Wirft man einen Blick auf den gesamten »Ersten Lehrerkurs« vom August/September 1919, wird seine Dreigliederung deutlich: Der Morgenkurs ist eine Art spirituelle Anthropologie, später am Vormittag charakterisiert Steiner die Methodik und lässt die angehenden Lehrer mit gemüthaften Beispielen verstehen, warum und wann sie welche Inhalte unterrichten sollen. Der Nachmittag gilt der Tat: Wie soll der Unterricht gestaltet sein, und wie übt man etwas ein? In diesem Tagesprogramm finden wir auch eine Art Modell für das, was unsere Stundenpläne entscheidend beeinflusst hat: Gedankliches am Morgen, rhythmisch Atmendes nach einer Pause und vorzugsweise praktische und künstlerische Fächer am Nachmittag.
Der »Kopfmensch«, so Steiner, schläft noch nach der Geburt, und soll vom Gliedmaßensystem im Lauf der Erziehung geweckt werden. Wir erreichen also nicht unbedingt etwas, wenn wir Appelle an das Verstehen der Schüler richten – da müssen wir einfallsreicher vorgehen. Der Anweisung, zuerst die Gliedmaßen ins Spiel zu bringen, ist der sogenannte Rhythmische Teil geschuldet, der allerdings oft viel zu lang ausfällt: Nach ein paar Minuten möglichst engagierter, innerer und äußerer Bewegung sind alle schon dabei. Lebhafte Begegnung ist dabei deutlich wirksamer als skandierendes Stampfen – wir wollen ja aufwecken, nicht ermüden. Engagiertes Erzählen und Diskutieren bringen das träumende Gefühlsleben zum Erwachen – hier müssen sich, so Steiner in diesem Vortrag, Gedächtnisbildung und Pflege der Phantasie die Waage halten, damit wir nicht ungesund auf die Wachstumskräfte der jungen Menschen wirken.

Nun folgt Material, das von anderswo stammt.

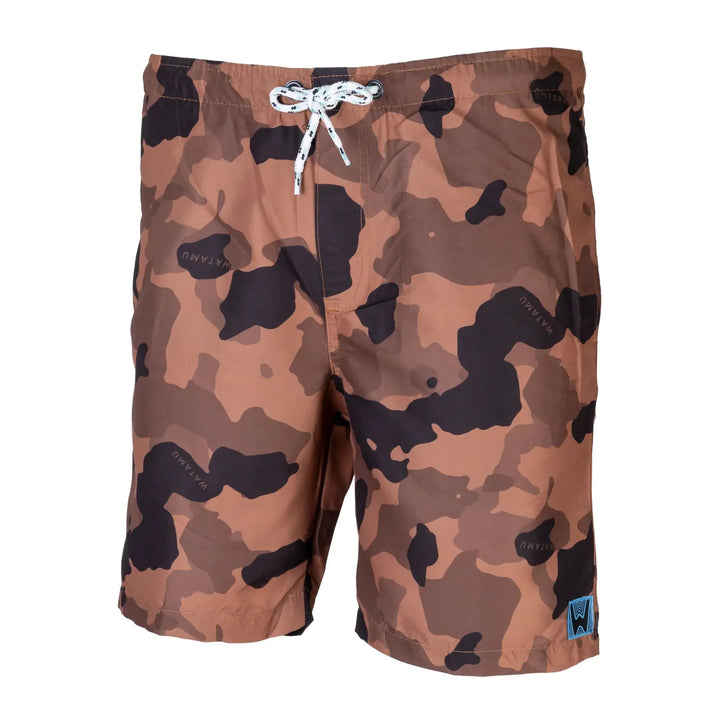Rubondo Mens Swim Shorts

Im methodisch-didaktischen Kurs gibt Steiner eine umfassende und inspirierende Darstellung des idealen Erdkundeunterrichts: Hier begegnen sich viele verschiedene Fachrichtungen, denn es geht in der Geografie ja um die Begegnung von Mensch und Natur: Wie, so die zentrale Frage, entstehen wirtschaftliche Zusammenhänge aus den jeweiligen Naturgegebenheiten?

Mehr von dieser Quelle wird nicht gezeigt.